Manouchian dans sa dernière lettre à sa femme prend conscience de ce qui lui arrive : « Cela m’arrive comme un accident dans ma vie, je n’y crois pas, mais pourtant, je sais que je ne te verrai plus jamais ». C’est cette humanité qui l’a poussé à répondre de la manière la plus franche face au tribunal militaire allemand le 19 février 1944 : « Vous, je n’ai rien à vous dire. J’ai fait mon devoir qui était de vous combattre. Je ne regrette rien de ce que j’ai fait ». Il termine par ces mots : « Je mourrai avec mes 23 camarades tout à l’heure avec le courage et la sérénité d’un homme qui a la conscience bien tranquille, car personnellement, je n’ai fait de mal à personne ». Elle fut écrite le 21 février 1944 à la prison de Fresnes quelques heures avant son exécution.

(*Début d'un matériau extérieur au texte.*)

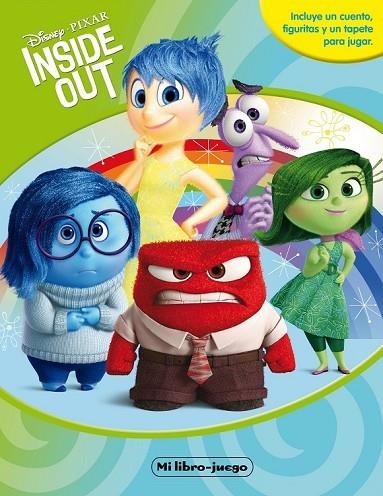 INSIDE OUT MI LIBRO JUEGO | 9788499516516 | DISNEY | Llibreria Online de Vilafranca del Penedès | Comprar llibres en català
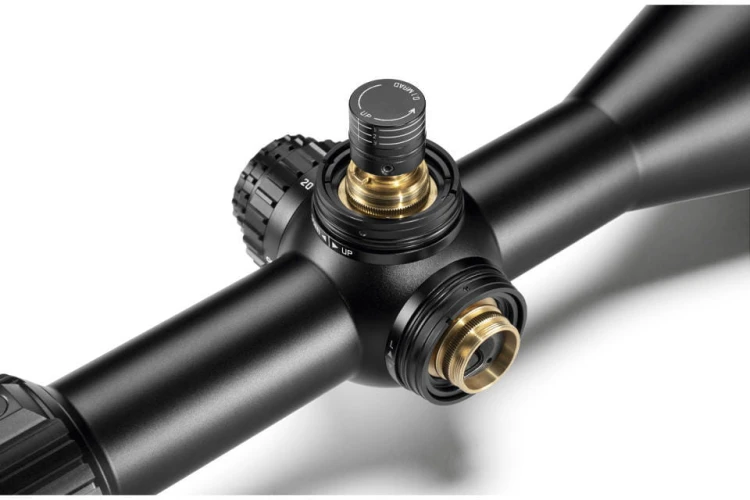 Wieżyczki regulacyjne Leica PRS 5-30x56i z systemem Zero Stop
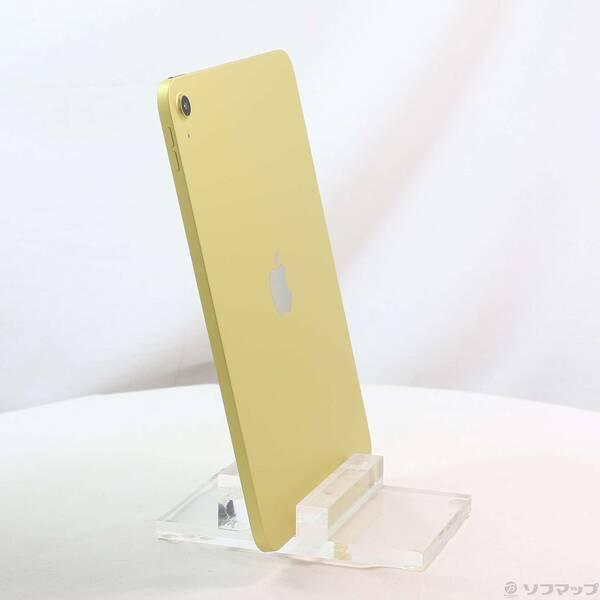 〔中古〕Apple(アップル) iPad(A16) 128GB イエロー MD4D4J／A Wi-Fi〔258-ud〕 |  | 03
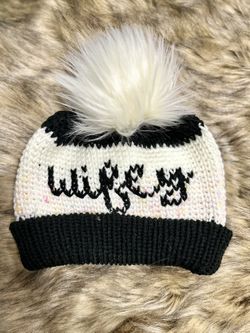 Crochet wifey Beanie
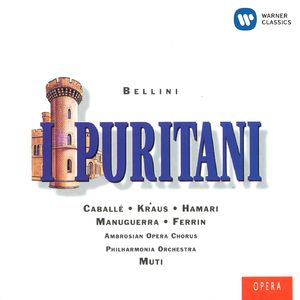 I puritani, Act 1, Scene 3:Son vergin vezzosa (Elvira/Enrichetta/Arturo/Giorgio/Coro)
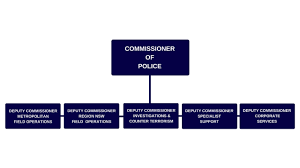 organisational structure nsw police public site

L’arménien et 21 de ses compagnons tombèrent sous le poids des balles, la seule fille du groupe fut décapitée en Allemagne. Le FTP-MOI (Main d’Œuvre Immigrées), branche communiste de la résistance contre l’occupant nazi et la collaboration vichyste, a laissé au cours de l’occupation des milliers de vies. Il est juste de rappeler au moment où les commémorations se font, que 70 % des résistants fusillés étaient des « communistes » du réseau Francs-tireurs Partisan.

L’Affiche Rouge est imprimée en 15 000 exemplaires par le service de propagande nazi sous deux formats : 152 × 130 cm, et 118 × 75 cm. L’affiche aurait été placardée dans toutes les villes et villages entre sa condamnation et son exécution. Dix personnes au sein du groupe sont sélectionnées pour la composition de l’Affiche rouge, d’où il apparaît l’expression « l’armée du crime ». La dernière fait référence au fait que le groupe assume totalement ses actes : la froideur des réponses. Toutefois, l’effet souhaité n’a pas été celui prévu, puisque l’affiche servira d’hommage à un héros de la résistance par le peuple français dans sa diversité. De nombreux bouquets de fleurs y seront déposés de manière clandestine.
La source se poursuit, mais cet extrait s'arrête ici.